(Beginning of Supplied data)

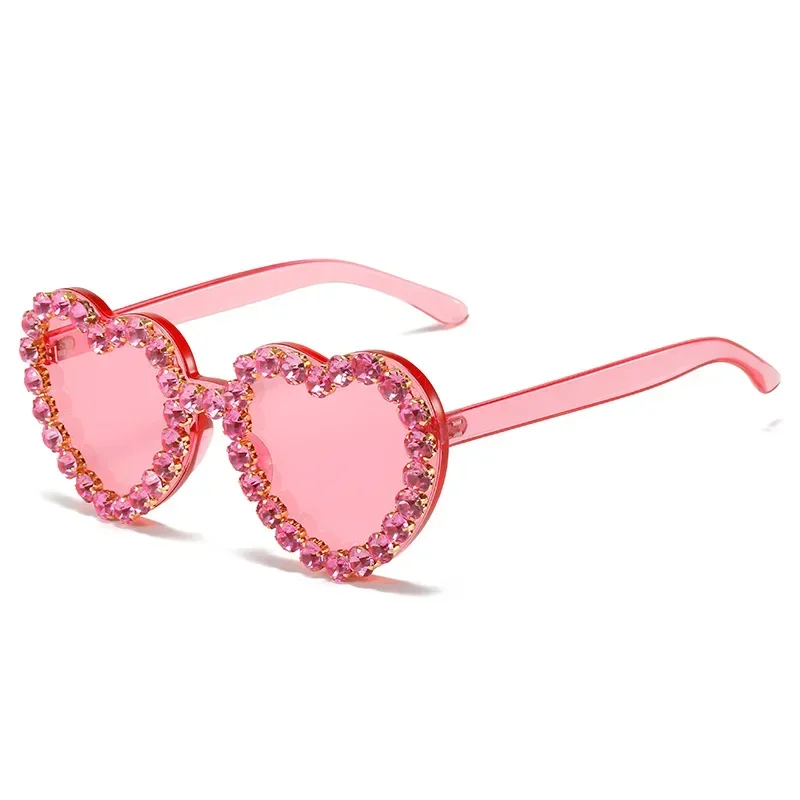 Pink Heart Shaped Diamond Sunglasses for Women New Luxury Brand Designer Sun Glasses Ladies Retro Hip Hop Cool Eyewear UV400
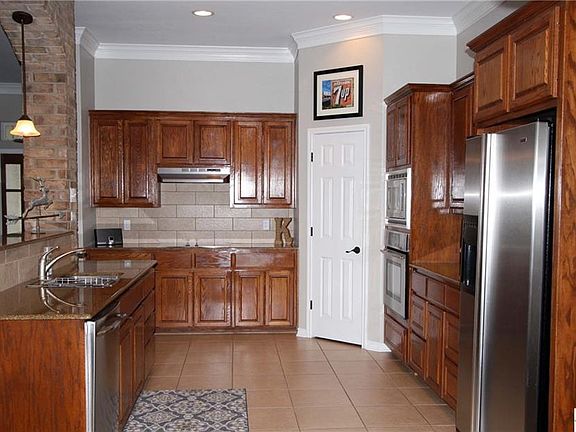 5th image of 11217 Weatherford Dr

(End of Supplied data)
(Beginning of Supplied data)

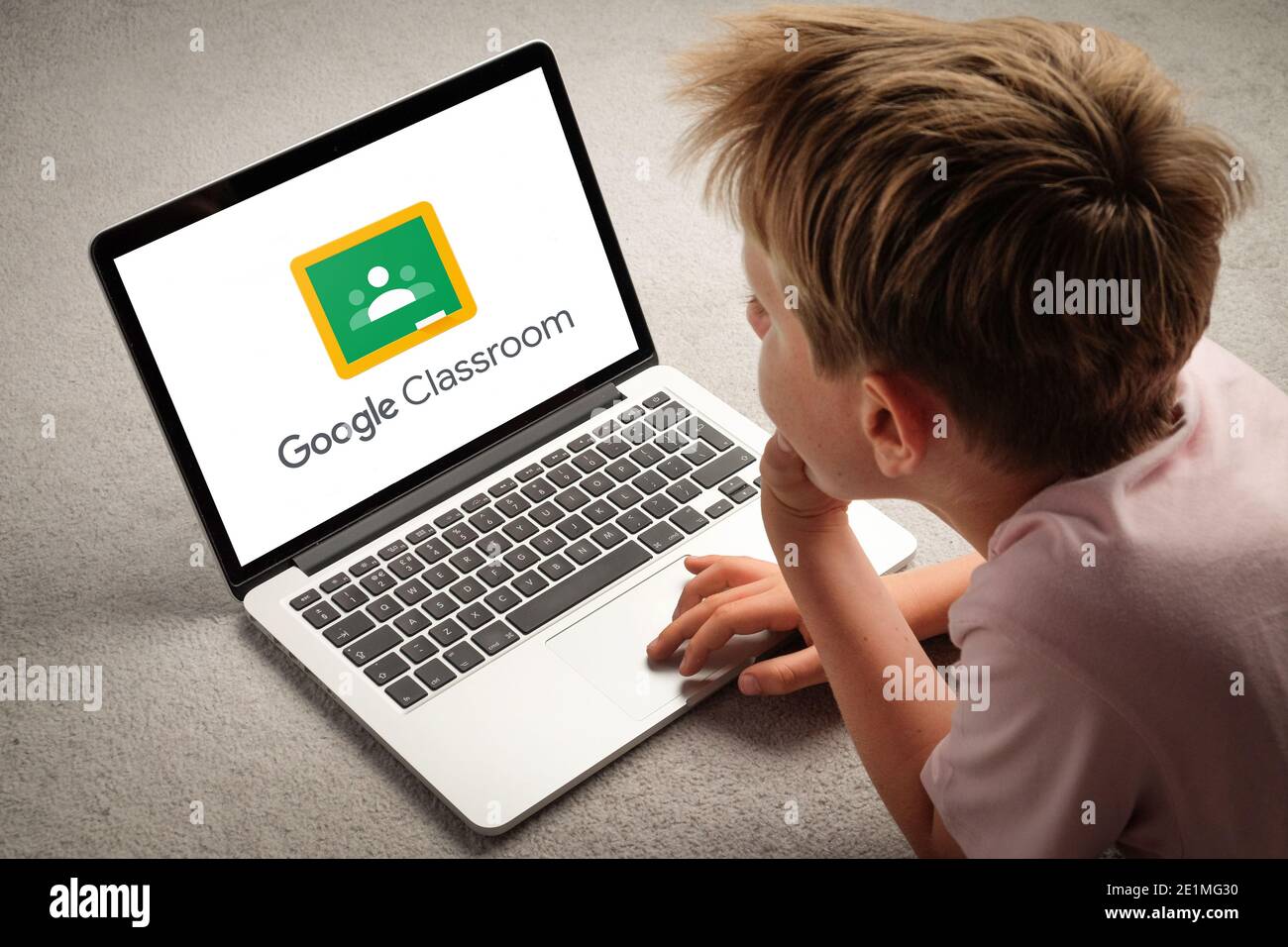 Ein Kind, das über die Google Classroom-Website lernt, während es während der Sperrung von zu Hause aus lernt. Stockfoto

(End of Supplied data)

_Task goal_: Within these entries, output exactly the lines starting at the one with "Pink Heart Shaped" and finishing at the one with "5th image of 11217 Weatherford Dr". Leave pictures out of the output.

_Task answer_:
 Pink Heart Shaped Diamond Sunglasses for Women New Luxury Brand Designer Sun Glasses Ladies Retro Hip Hop Cool Eyewear UV400
 5th image of 11217 Weatherford Dr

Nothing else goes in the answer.